Lucie Muehlsteinova: zabrakło nam woli walki
W pierwszym pojedynku tegorocznej Ligi Mistrzyń Impel Wrocław pokonał na wyjeździe Telekom Baku 3:0. W azerskiej ekipie za rozegranie odpowiadała znana polskim kibicom Lucie Muehlsteinova.
ORLENLIGA.PL: Za wami pierwszy pojedynek w Lidze Mistrzyń. Przegrałyście u siebie z ekipą z Wrocławia. Chyba nie takiego startu spodziewałyście się?
LUCIE MUHLSTEINOVA: Tak naprawdę to był nasz pierwszy oficjalny mecz. Rozgrywki ligowe w Azerbejdżanie jeszcze nie wystarczyło. Zabrakło nam moim zdaniem zgrania i poczucia atmosfery meczowej. Głównie zabrakło nam jednak woli walki.
Można było odnieść wrażenie, że Impel przez cały czas w pełni kontrolował spotkanie. Czy wasze rywalki zaskoczyły was czymś w tej konfrontacji?
LUCIE MUHLSTEINOVA: W pierwszym secie Impel Wrocław zagrał dokładnie tak jak wynikało z naszych wcześniejszych analiz wideo. Rywalki trochę zaskoczyły nas tak dobrym przyjęciem. Trochę liczyliśmy na naszą lepszą zagrywkę. Chciałyśmy utrudnić grę rywalkom, odrzucić je od siatki i przez to zmusić je do rozgrywania piłki z pola. Niestety dla nas Impel bardzo dobrze radził sobie w tym elemencie.
Drużyna Nicola Negro zdecydowanie dominowała w bloku, to pewnie też mocno utrudniło wam grę?

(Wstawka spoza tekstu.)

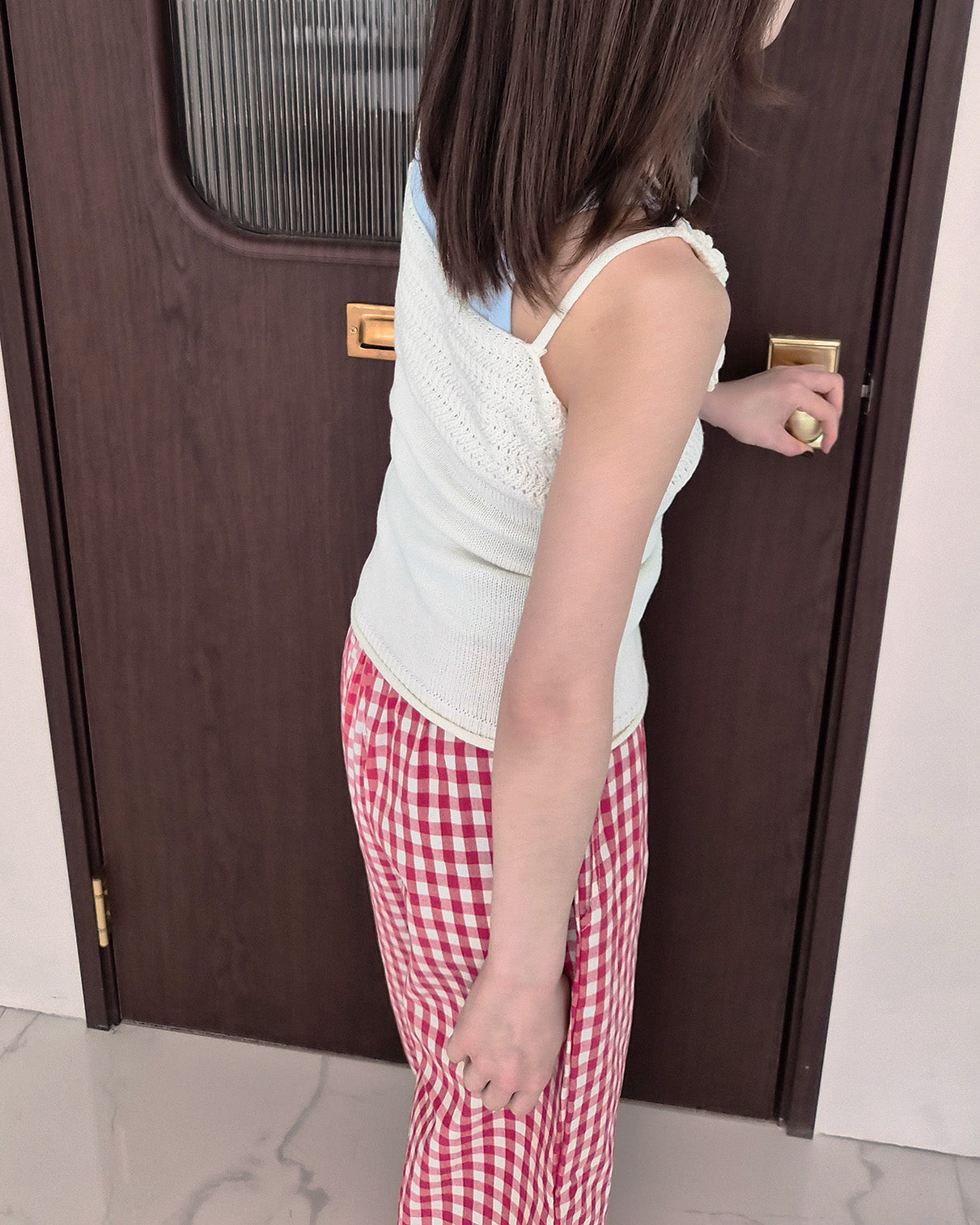 flower motif knit camisole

LUCIE MUHLSTEINOVA: Przyznam szczerze, że jak zobaczyłam nasze statystyki pomeczowe, a szczególnie skuteczność w przyjęciu to nie ma się czemu dziwić. Impel jest wysokim zespołem i gra z nimi na wysokich nie dokładnych piłkach jest bardzo trudna.
Znasz Impel Wrocław z rozgrywek ORLEN Ligi chyba możesz przyznać, że ta drużyna uległa mocnej przemianie?
LUCIE MUHLSTEINOVA: Drużyny co roku bardzo się zmieniają to normalna rzecz. Ekipa z Wrocławia ściągnęła bardzo mocne i doświadczone zawodniczki. To są naprawdę znane siatkarki.
Pomimo nieudanego startu w rozgrywkach Ligi Mistrzyń, chyba nie tracicie nadziei na dobry wynik w europejskich pucharach?
LUCIE MUHLSTEINOVA: W naszym klubie nie ma presji wyniku jeśli idzie o rozgrywki Ligi Mistrzyń. W zeszłym roku nasz zespół był nieco mocniejszy, grały tutaj dobre zawodniczki, a nie udało się osiągnąć dobrego wyniku. W tym roku podchodzimy do tych rozgrywek ze spokojem. Szansa jest natomiast zawsze, jak się trenuje i walczy to dopóki piłka jest w grze wszystko jest możliwe.